気になるニュース・気になる内幕——今日の朝刊(朝日、読売、毎日、産経、東京、日経の各紙・東京本社発行最終版)から注目の自動車関連記事をピックアップし、その内幕を分析するマスコミパトロール。

2001年12月19日付

●自動車重量税、来年度予算閣僚折衝で一般財源化で合意、最大2800億円(毎日・1面)
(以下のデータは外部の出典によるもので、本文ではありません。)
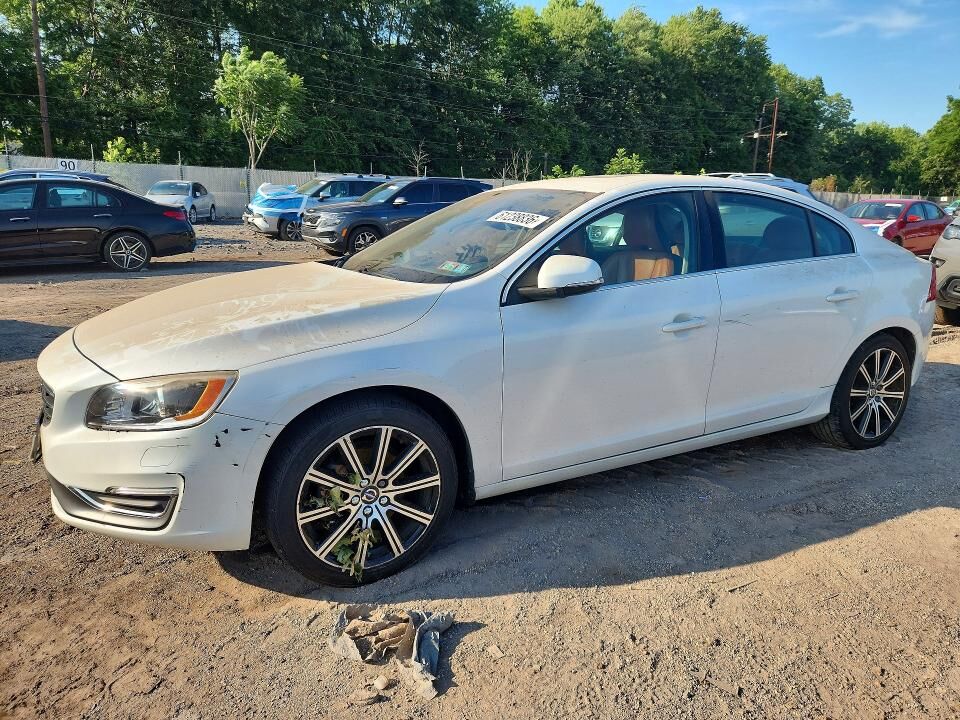 2017 VOLVO S60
●セーフガード問題、瀬戸際の交渉へ、きょう日中次官級協議(朝日・11面)

●ホンダ、タイから逆輸入、生産体制確立へ着手、国内雇用に影響か(朝日・12面)

●トヨタ、洋風外観の住宅発売へ(東京・7面)

●こちら特報部、行革推進本部の重大論点「クマは高速道路を横断するか」(東京・22-23面)

●F1日本勢待ち遠しいスタート、トヨタ、ホンダ優勝への意気込み(東京・26面)

●ホンダ、インドネシアでミニバン生産(読売・8面)

●「特殊法人整理」決定、道路公団は事業費圧縮不透明(読売・9面)

●自動車業界のリーダー、今年は張富士夫・トヨタ社長(日経・15面)

●国土交通省、Noxゼロに近い大型車、2005年まで試作車開発へ(日経・38面)

ひとくちコメント

ホンダがタイ工場で生産する『フィット』をベースにした小型車(排気量1.3リットル級)を2003年にも日本市場に逆輸入する。きのう18日付の朝日夕刊に、自動車業界に詳しい現地特派員がバンコク発で一面準トップで報じたのを、日経などがきょうの朝刊で後追い記事を掲載している。
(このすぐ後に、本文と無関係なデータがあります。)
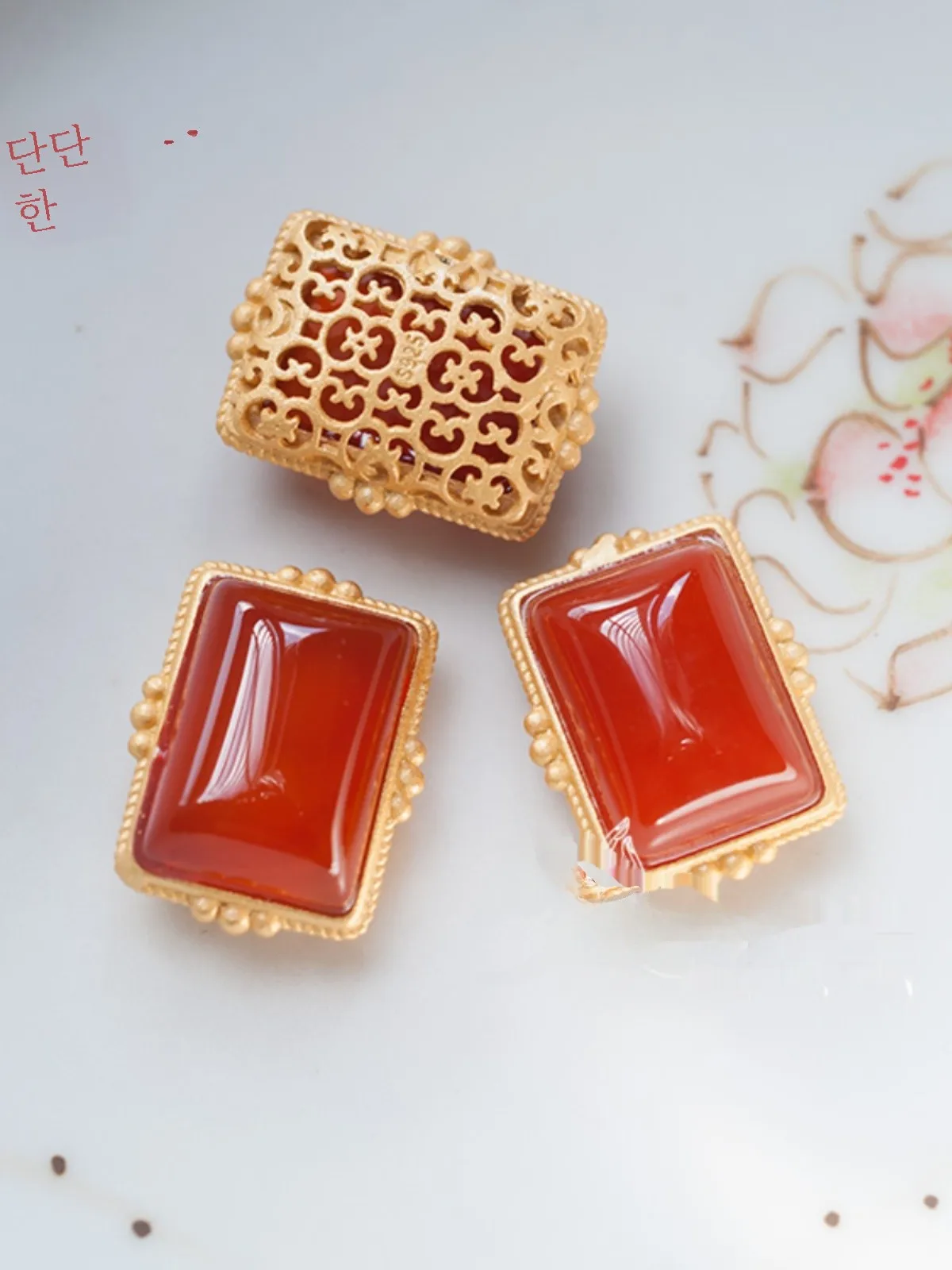 Бамбуковая слива инкрустированный пчелиным воском яшма аквамарин турмалин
これまでいすゞ自動車が中国製のトラックを逆輸入する方針を固めているが、アジアの自社工場で製造する乗用車を輸入するのは初めてのケースである。ホンダは2002年からスクーターなどの2輪車を中国の合弁工場から輸入することを決めているほか、業務用発電機などのエンジンも中国以外への輸出を狙っている。「人件費の硬直化した日本でのコスト削減には限界があることから、自動車産業がアジア諸国を輸出拠点とする動きは活発化する」(朝日)ことは間違いない。

自動車総連によると、自動車の海外移転が進めば、2005年頃には現在たずさわる従業員の2割弱の14万3000人が失職すると試算している。勝ち組のトヨタやホンダが逆輸入を率先するようなことになれば日本の空洞化がさらに加速することは避けられない。